The department’s had a measure of success. It’s managed to fully stock police academies and two successive pay raises for city cops have helped to keep attrition numbers at the department low. But the city’s latest financial uppercut — the mayor announced a $43 million deficit for city finances last week — could pose a new challenge to staffing at the police department.

The department is currently budgeted for 2,127 employees. According to the Police Officers Association, the union that represents city police officers, there are currently 1,996 employees working for the department. But that number includes 282 people who are inactive employees because they are on administrative or military leave. That leaves 1,713 employees.

Like every other city department, the SDPD has been asked to find 10 percent of its budget that could be cut to help bring the city’s spending in line with its income. Mayoral spokesman Darren Pudgil said cutting the budgets of the police and fire-rescue departments are a last resort, but that the mayor still wants to see proposals from those two agencies.

Ramirez would not discuss details of the police department’s proposal for cutting its budget. The plan is only in its very early phases, and details of it will not be shared with the media until the Mayor’s Office has seen it, he said.

But, last year, 83 percent of the police department’s budget was spent on personnel expenses. A 10-percent cut, if implemented, would almost certainly impact the department’s staffing.

Pudgil acknowledged that budget cuts from public safety departments, though unlikely at the moment, might cut into the city’s drive to hire police officers.

“It’s too early to tell, but that’s something that would be considered,” he said.

Bill Nemec, president of the San Diego Police Officers’ Association, said any budget cuts at the police department would certainly affect spending on personnel. Such cuts would most likely be felt first in the department’s hiring efforts, Nemec said.

Nemec said he’s troubled by the specter of budget cuts. He said the department has only just started to pull itself back into shape after years of hemorrhaging police officers to other local departments, and that recruitment has been looking up for months.

But Nemec also pointed out that the worsening local economy could have the ironic effect of keeping police officers in San Diego, because officers are less likely to take a chance on new departments if they have a guaranteed job in San Diego.

And Nemec said the union will nevertheless ask the city for a pay raise for police officers next year.
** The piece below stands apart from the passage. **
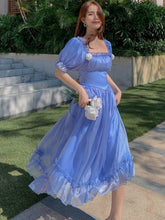 Lizakosht Summer Vintage Backless Dress Women Backless Fairy Party Midi Dresses Female Korean Fashion Casual Lace Up Bow Sweet Dress 2022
“There’s been a repeated call from City Hall to explore new revenue sources, but I haven’t seen that. Until I do, I think it’s more than fair for us to go in there and say ‘yes, police officers deserve a raise,’ ” he said.

The police department isn’t the only city public safety agency that could see recruitment stifled by the budget cuts. Frank DeClercq, president of Local 145, the union that represents city firefighters, said he was told that, among other proposals, the fire department will be proposing suspending its academy for new recruits until the beginning of the new fiscal year in July.

Fire Department Spokesman Maurice Luque said he couldn’t comment about any possible budget cuts at the department. The department currently has an academy scheduled for April 2009, Luque said.

Ramirez said the applicants to the police department who were emailed this week will be contacted and told that their applications will be processed as normal. He said some out-of-state applicants may have their interviews rescheduled because the lieutenant who interviews new recruits is on vacation, but that all pending applications will be processed

He said the mix-up was unfortunate and that even if the department is forced to cut recruitment, it won’t just focus on out-of-state recruits.

“We don’t discriminate against people because they’re from out of state,” he said. “We want to hire the best recruits, no matter where they came from.”